How does this solution relate to the actual real-life stats problem?

Question

4.62 in Newbold (8 ed):

A new warehouse is being designed and a decision concerning the number of loading docks is required. There are two models based on truckarrival assumptions for the use of this warehouse, given that loading a truck requires 1 hour. Using the first model, we assume that the warehouse could be serviced by one of the many thousands of independent truckers who arrive randomly to obtain a load for delivery. It is known that, on average, 1 of these trucks would arrive each hour. For the second model, assume that the company hires a fleet of 10 trucks that are assigned full time to shipments from this warehouse. Under that assumption the trucks would arrive randomly, but the probability of any truck arriving during a given hour is 0.1. Obtain the appropriate probability distribution for each of these assumptions and compare the results.

The solution to this is that in the first case it's the Poisson cumulative distribution function with mean =1, while in the second model it's binomial with n=10 and p=0.1, similar but not quite identical. Great. What I don't understand is 1. What do the x/n numbers mean in this case; and 2. how does this help us make a decision about the number of loading docks?

What I mean is that e.g. with the Poisson it's
0 - 0.367
1 - 0.735
2 - 0.919
.
8 - 1.000

So... does this mean that there is a 0.367 chance that zero trucks turn up, and 1.0 chance that 8 trucks turn up?! Even though on average it's 1 an hour?! And how would this help us decide how many loading docks we need?

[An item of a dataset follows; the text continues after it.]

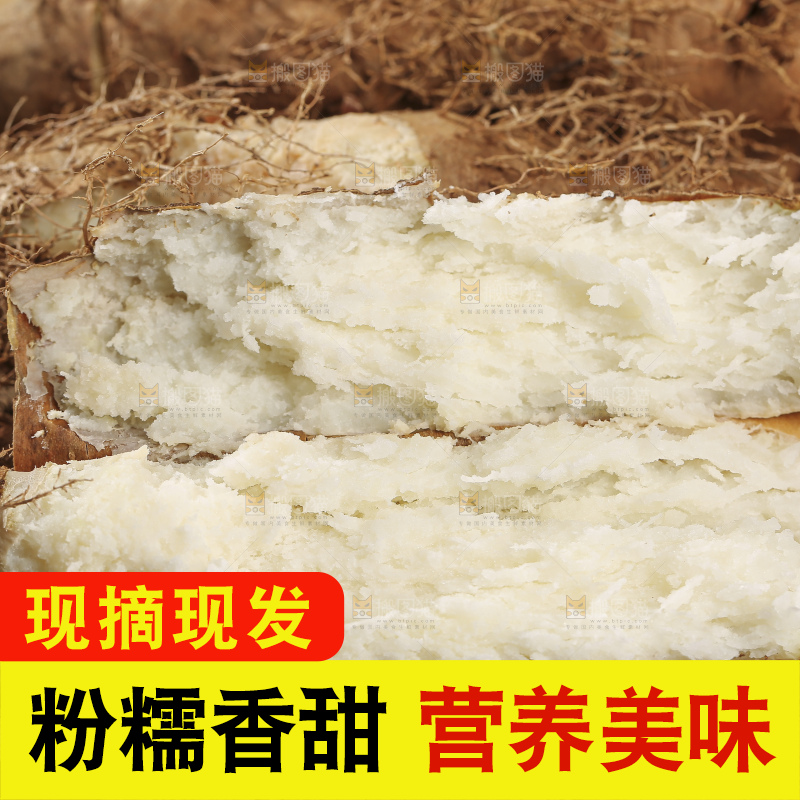 深底上的新鲜毛薯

So, it's a classic problem: I can (kind of) do the maths, I just have no idea how any of it relates to real life...

Answer 1

Here is one possible way to look at your question.

The main question is whether one loading dock will suffice. You begin to run into inefficiencies if more than one truck arrives in an hour. Then trucks will have to queue up for unloading.

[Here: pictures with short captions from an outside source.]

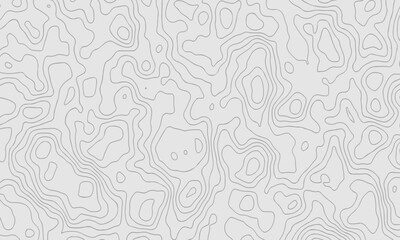 Vector topographic map background. Business concept. Abstract vector illustration.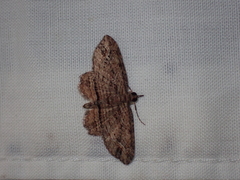 Chloroclystis filata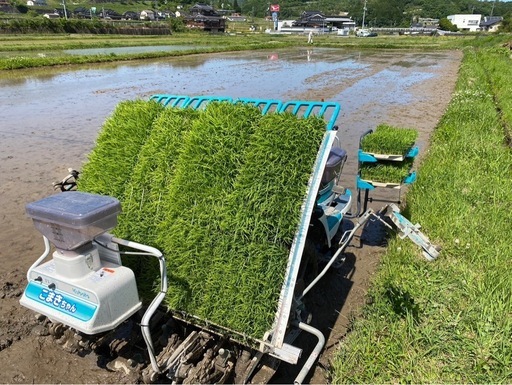 岡山県産　虹のきらめき　玄米30キロ　　　　　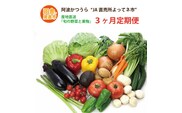【定期便3回】阿波かつうら 農産物詰合わせ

Poisson model. According to your first model with $X \sim \mathsf{Pois}(\lambda = 1),$ you have $E(X) = 1,\,$ $SD(X) = 1,\,$ and (as computed in R, where ppois is a Poisson CDF), $P(X > 1) = 1- P(X \le 1) = 0.2642.$ Similarly, $P(X > 2) = 0.0803.$

1 - ppois(1:2, 1)
[1] 0.2642411 0.0803014

Binomial model. According to your second model with $Y \sim \mathsf{Binom}(n=10, p=.1),$ you have $E(Y) = 1,\,$ $SD(X) = 1.3077,\,$ and (as computed in R, where pbinom is a binomial CDF), $P(Y > 1) = 1- P(Y \le 1) = 0.2639.$ Similarly, $P(Y > 2) = 0.0702.$

1 - pbinom(1:2, 10, .1)
[1] 0.26390107 0.07019083

Comments. With either model, it seems there will be queueing at a single loading dock during slightly more than a quarter of the hours. With two loading docks, more of the trucks can be unloaded immediately. Under either model, the 2-dock scenario seems tidier to me. But I have no idea how realistic either model is, what it costs if a truck has to wait to unload, or what the future prospects for increasing or declining truck traffic may be.

Addendum: Another way to look at the problem is to notice that the number of trucks arriving per day under the Poisson model is $D \sim \mathsf{Pois}(\lambda = 8).$ Then $P(D > 8) = 0.4075.$ So with only one loading dock, on more than 40% of days, there will be more than 8 truck arrivals a day, so that there will still be trucks waiting at the end of an 8 hour day. However, with two loading docks the probability that not all trucks could be accommodated during an 8-hour day is negligible.

1 - ppois(c(8, 16), 8)
[1] 0.407452659 0.003718021

Because the binomial model assumes there are only ten trucks, the congestion would be less. If a truck can appear for unloading only once a day, there would never be a day when the total required time at a loading dock exceeds 10 hours.